The Council’s State Budget Priorities for State Fiscal Year 2025 report can be found here.

“New York City is an economic engine for our state, and strong investments from the state budget are essential to ensure our city is affordable and healthy,” said Speaker Adrienne Adams. “The Council’s state budget priorities match what our city needs to meet this critical moment and solve challenges. The inclusion of housing investments and policies within the state budget are pivotal to New York City’s ability to confront the affordability and housing crises. Greater funding for our schools and early childhood education are required to help our working- and middle-class families remain and succeed in New York, and to support our students’ recovery from historic learning losses. Proven mental health interventions are key to interrupting the cycles of harm and recidivism that leave all New Yorkers less healthy and safe. With so much at stake, we all must work together to make the crucial investments New Yorkers deserve. We look forward to working with our state partners to achieve this outcome in the state budget.”

“The State and City share the goal of improving the lives of all New Yorkers. In order to act on that shared mission and partnership, the State budget needs to deliver its fair share and support New York City in crucial areas, including education and housing,” said Council Member Justin Brannan, Chair of the Committee on Finance. “Doubling down on investments and incentives to spur a new wave of truly affordable housing construction, alongside tenant protections, will help light the path out of our grim housing crisis. Additional state funding towards education and meeting the needs of our students, from Pre-K to college, are desperately needed as federal stimulus funds finally expire. As the City of New York continues moving towards these objectives while managing our own budget challenges, we will require more say over our tax expenditures and cost-shifts towards the City. The road ahead may be long and winding, but we are confident the state budget can meet this moment to the benefit of all New Yorkers from Brooklyn to Buffalo.”

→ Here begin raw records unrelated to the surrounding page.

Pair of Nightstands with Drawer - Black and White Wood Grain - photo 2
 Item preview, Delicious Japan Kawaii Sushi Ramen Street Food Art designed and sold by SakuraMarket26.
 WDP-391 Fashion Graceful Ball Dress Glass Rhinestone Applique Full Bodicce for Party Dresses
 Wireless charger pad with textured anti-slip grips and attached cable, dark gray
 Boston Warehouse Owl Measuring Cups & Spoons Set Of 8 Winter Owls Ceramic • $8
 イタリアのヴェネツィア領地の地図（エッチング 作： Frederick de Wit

“While the city’s economy has been resilient and our fiscal health is on a positive path, we have real challenges that require state support in this budget,” said Council Member Lincoln Restler, Chair of the Committee on Governmental Operations, State & Federal Legislation. “Too many New Yorkers facing mental health challenges and experiencing homelessness cycle through the justice system without receiving the help they need. Targeted investments into mental health courts, supportive housing, specialized outreach teams, and treatment programs are critical to divert people to the solutions they need, reduce recidivism, and improve public safety. The City also deserves greater say and more data on ineffective tax breaks that no longer serve their purpose and cost-shifts that impact the economic health of our city. We look forward to continuing our work with our state partners to support the health and safety of New Yorkers.”